─── Information provided ───

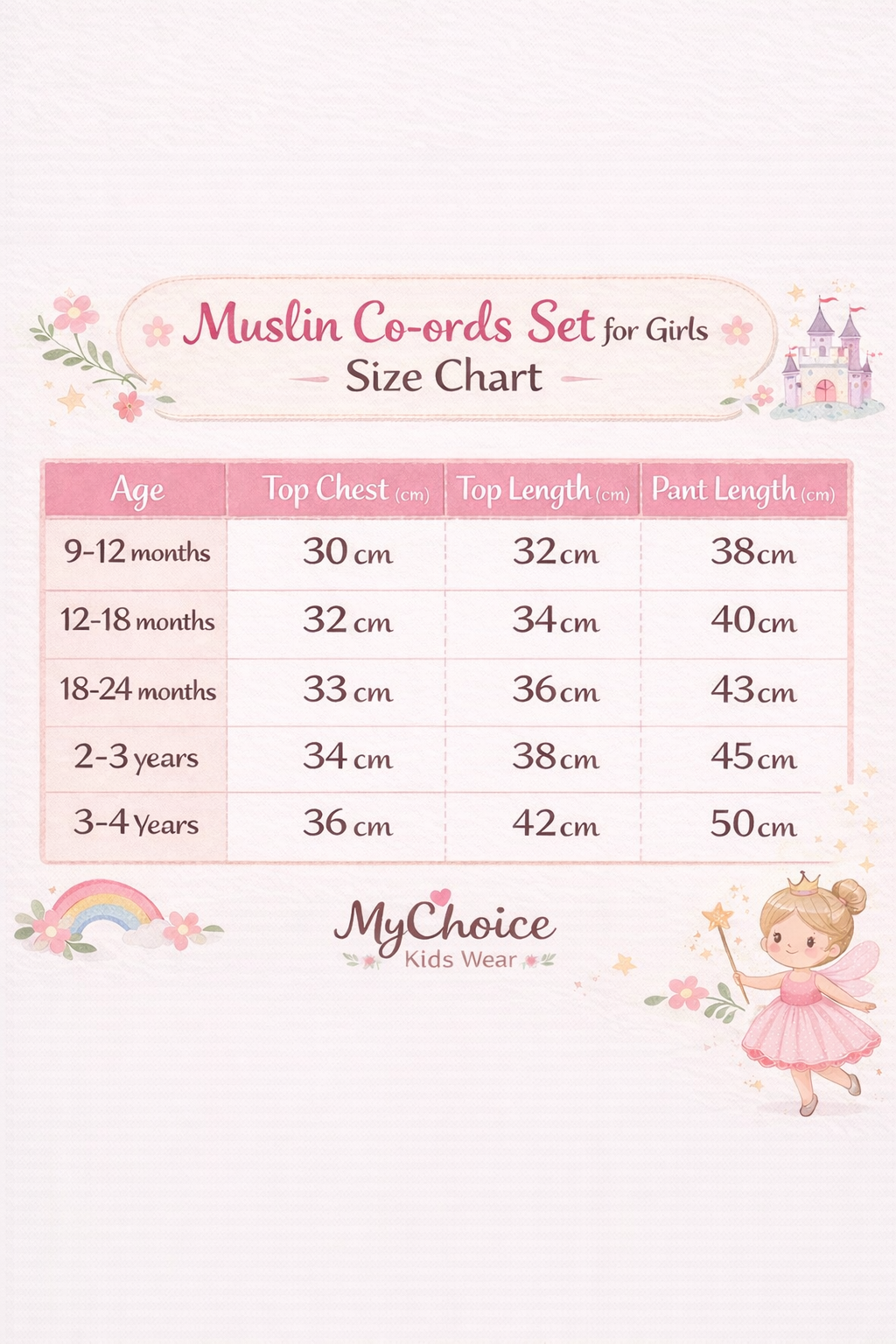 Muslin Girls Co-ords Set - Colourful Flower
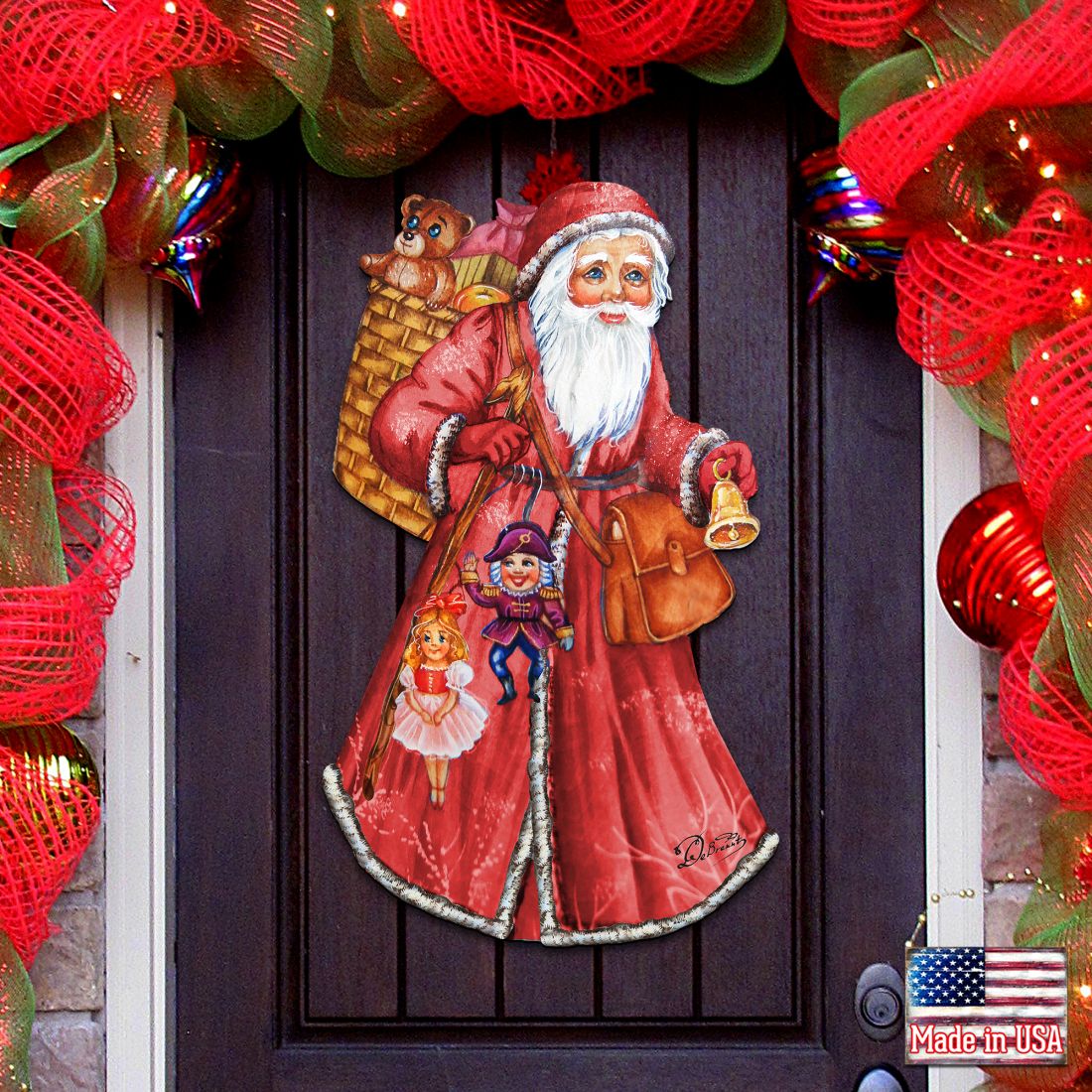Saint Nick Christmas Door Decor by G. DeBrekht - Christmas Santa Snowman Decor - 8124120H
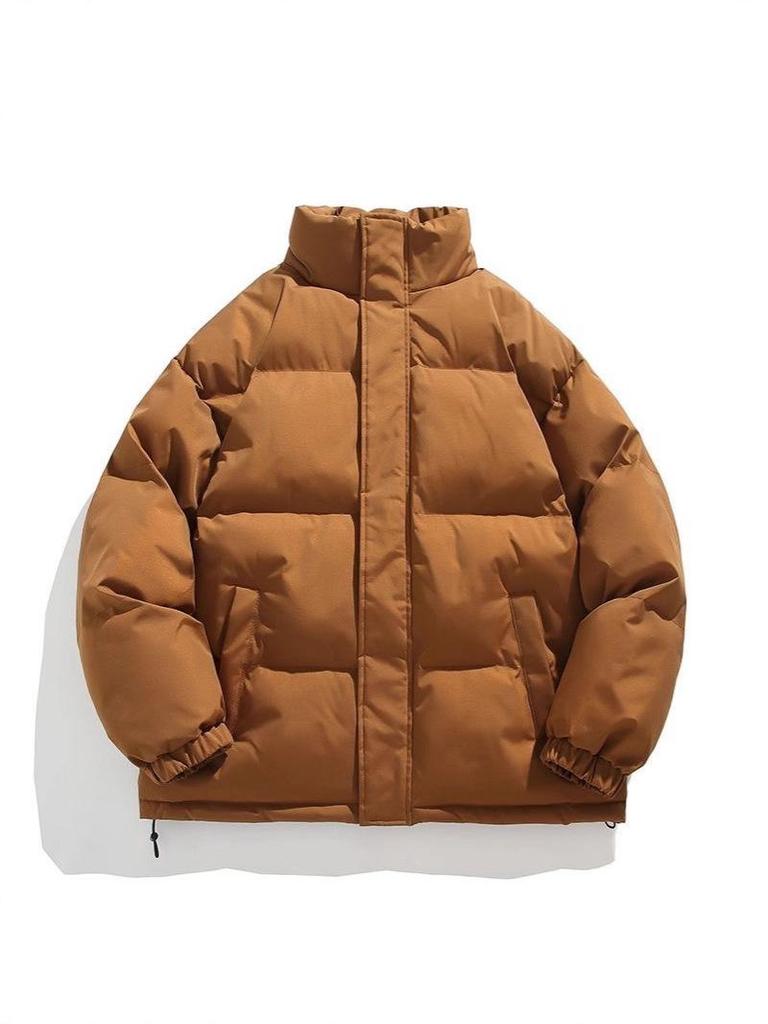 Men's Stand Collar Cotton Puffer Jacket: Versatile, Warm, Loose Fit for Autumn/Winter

───

--- What is needed ---
Word-for-word repeat, images excluded: return all the data.

--- Solution to this problem ---
 Muslin Girls Co-ords Set - Colourful Flower
Saint Nick Christmas Door Decor by G. DeBrekht - Christmas Santa Snowman Decor - 8124120H
 Men's Stand Collar Cotton Puffer Jacket: Versatile, Warm, Loose Fit for Autumn/Winter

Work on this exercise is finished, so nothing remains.